The value of these “bad trips” is one of the predominant themes in Richard Haight’s new book The Psychedelic Path, where he describes ordeal experiences on psilocybin mushrooms in great detail, along with other anecdotes about ayahuasca and Salvia divinorum. Having gone through similar terrifying-but-healing experiences myself, I strongly resonated with Richard’s stories and am excited to share our conversation with you.

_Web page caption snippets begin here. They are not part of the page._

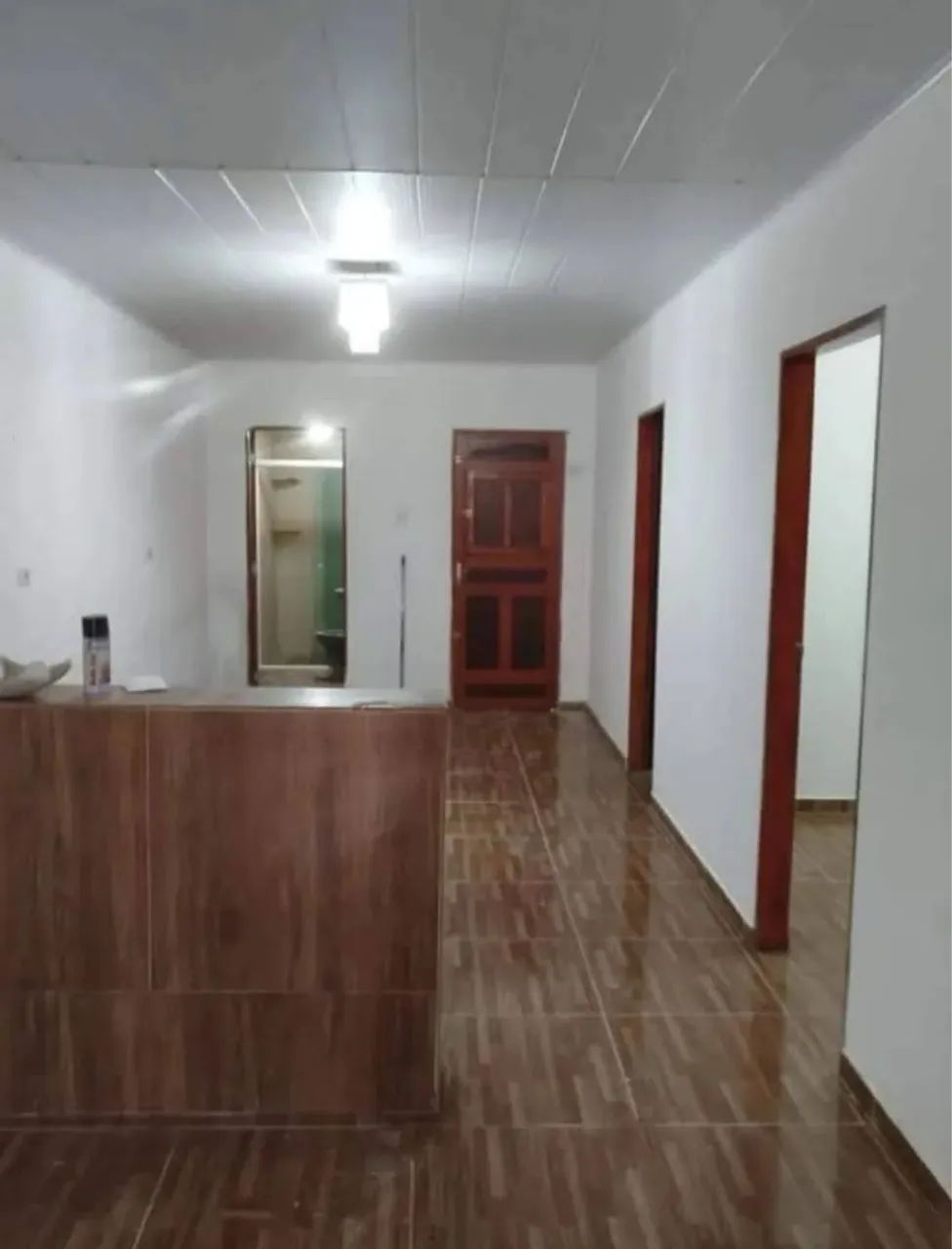 - Casa no Parque Vitória  - Foto 4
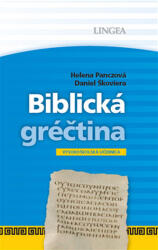 Biblická gréčtina (2014)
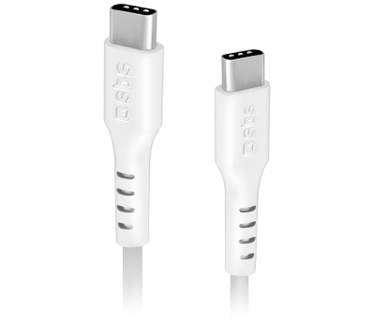 SBS TECABLETCC20W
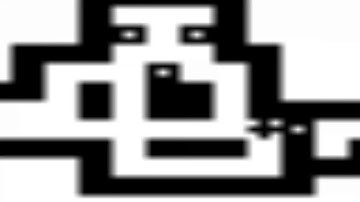 POCKET SOKOBAN SOKO BAN FOR SONY POCKETSTATION POCKET STATION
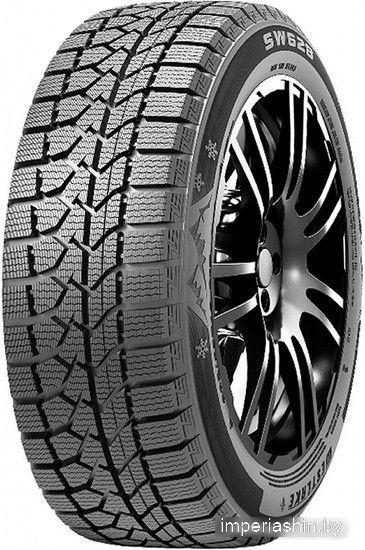 Шины WestLake SW628 225/45R19 96H — Зимняя сезон в Гомеле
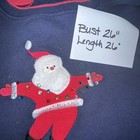 Bild 6 von 6
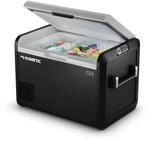 Dometic CFX3 55 - EU Version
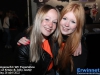 20220427koningsnachtkrisjejolly146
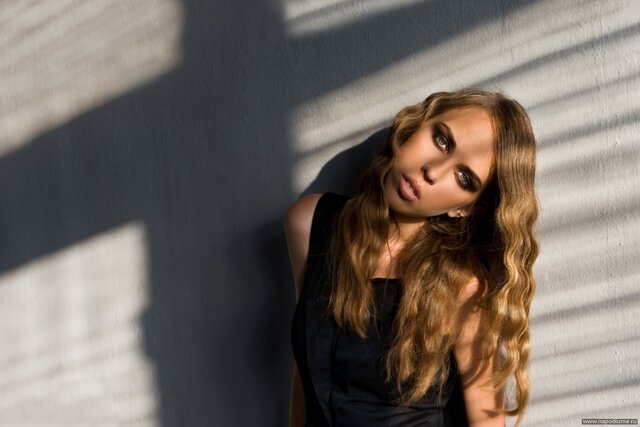 Фото Ekateryna Kalmykova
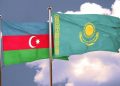 Regional əməkdaşlıq nümunəsi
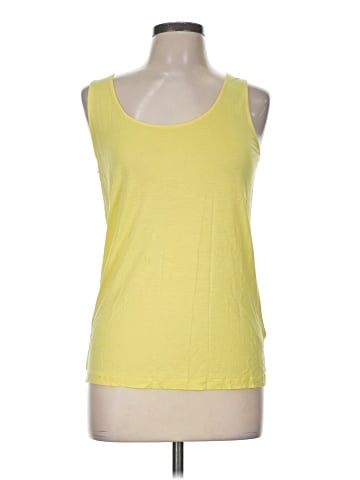 Cos Sleeveless Top (view 1)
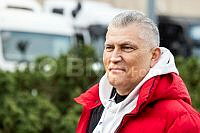 6939504977490_20251210_ppel89661012 (2).jpg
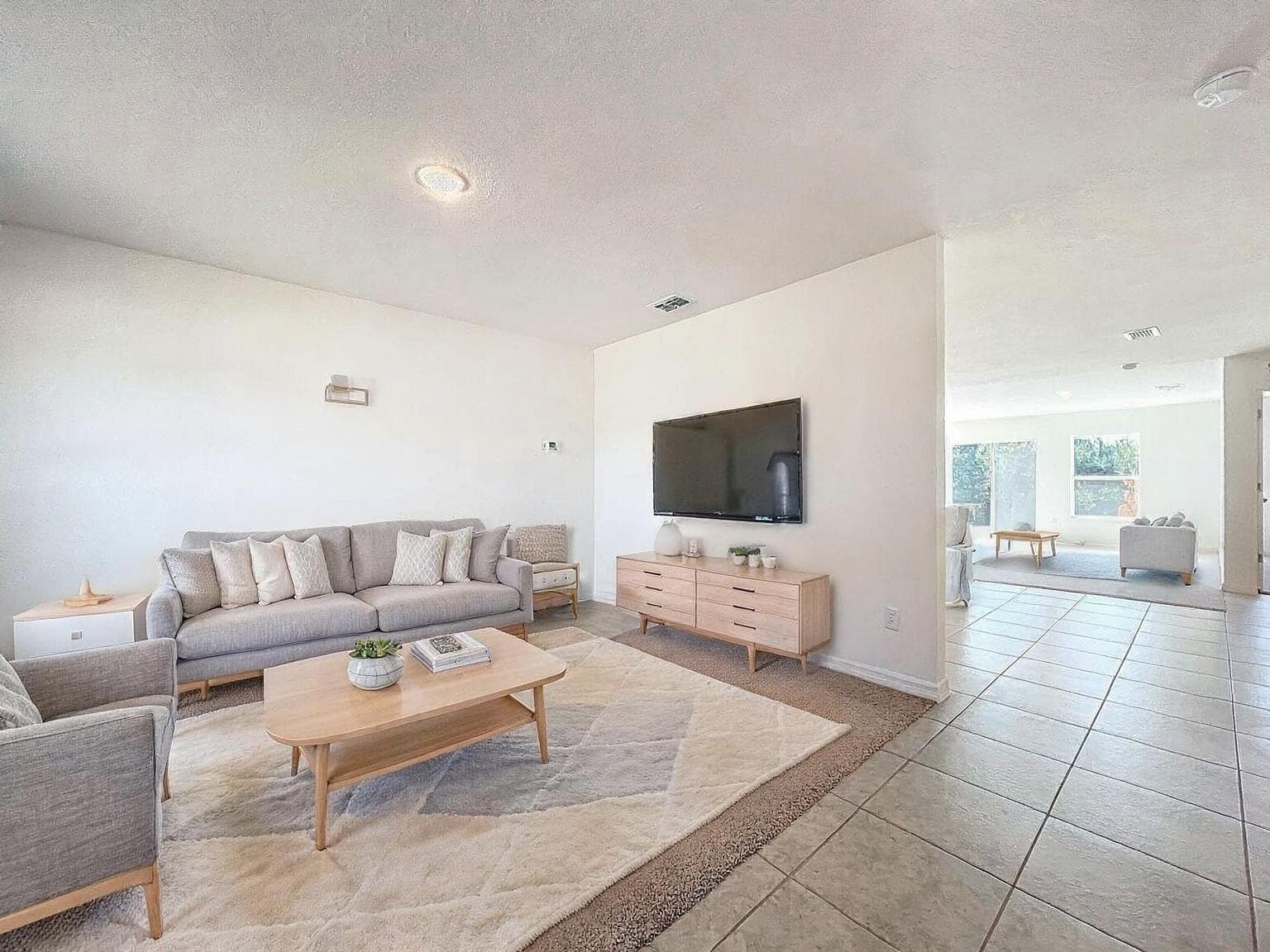 1390 Schumann Drive, Sebastian, FL 32958 — photo 4 of 35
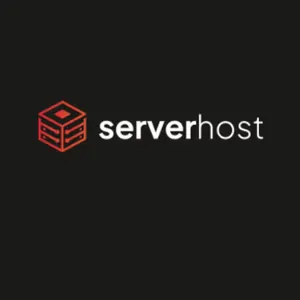 serverhost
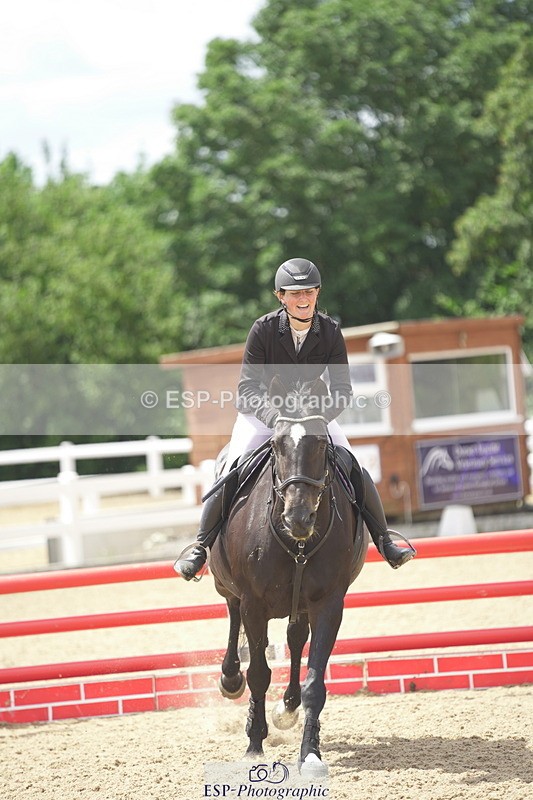 230729A-131002-06124 - Cls 22 85cm Amateur Quali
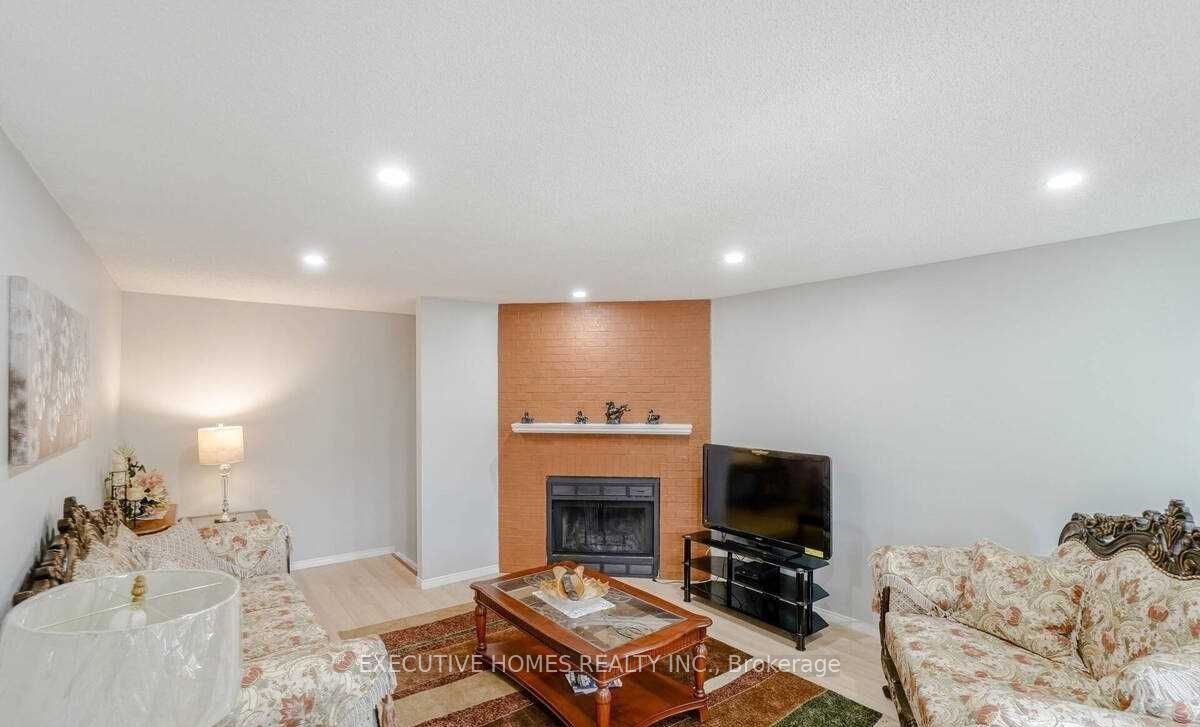 114 Toba Crescent Property Photo 20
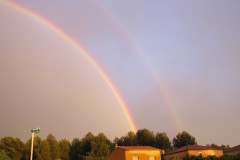 Arc en ciel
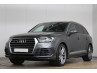 SUV AUDI Q7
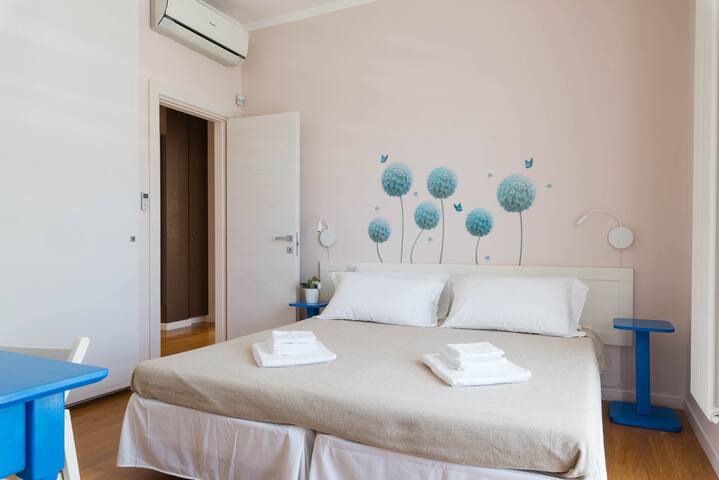 New Agapantus with Swimming Pool and Free Parking gallery image 2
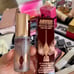 Charlotte Tilbury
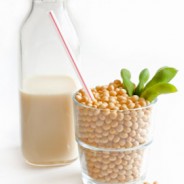The Down Side of Soy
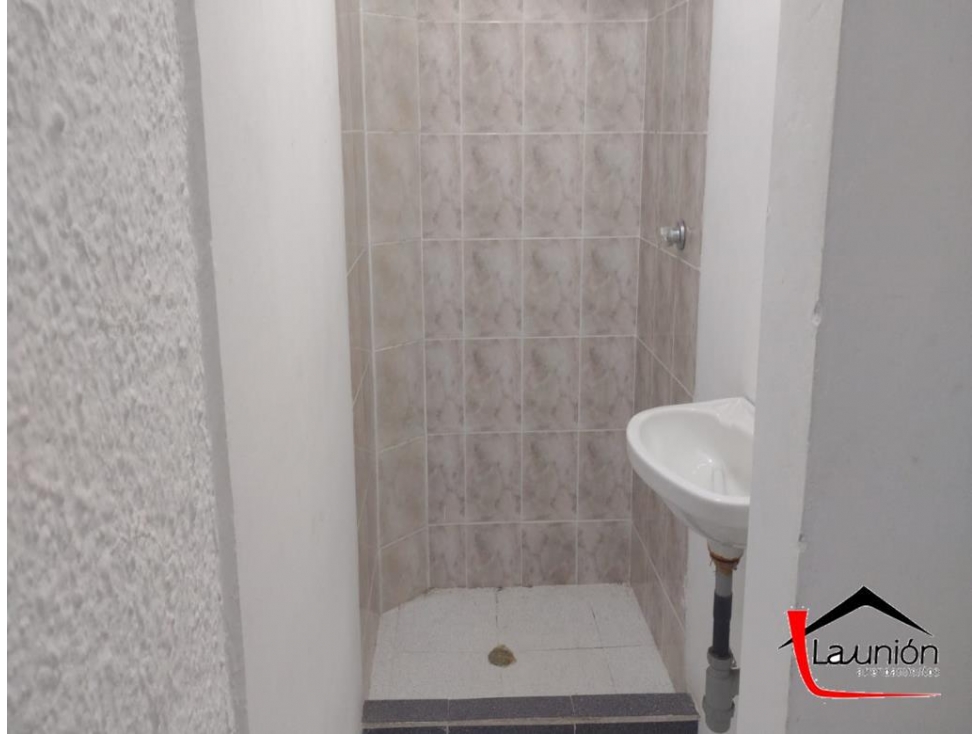 BELEN ROSALES — foto 6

Thank you again for speaking with us, Richard. The next thing I want to talk about is one of the biggest takeaways from your book: the value of the “bad trip.” Many of the experiences you describe, particularly with psilocybin, were extremely uncomfortable, harrowing, and seemingly life-threatening. A lot of people would call those things “bad trips” and say “I don’t want an experience like that, I want something that’s recreational or purely enlightening.” I really appreciated your ‘brave warrior’ mindset about stepping into these experiences as valuable ordeals. Could you speak on that?
I’m not sure of the extent to which most readers will value that, because to be honest, they are terrifying experiences. But I’m reminded of something that my martial arts teacher once told me. He said, “I always think of what my opponent does as a reflection of the energy that I am giving off”- because they are acting within context even if they don’t know that they are. That person is your teacher. From there, I just began accepting that every experience has potentially useful information for me to use in refining what’s going on within me. I think that’s just a healthy way of looking at everything, an opportunity.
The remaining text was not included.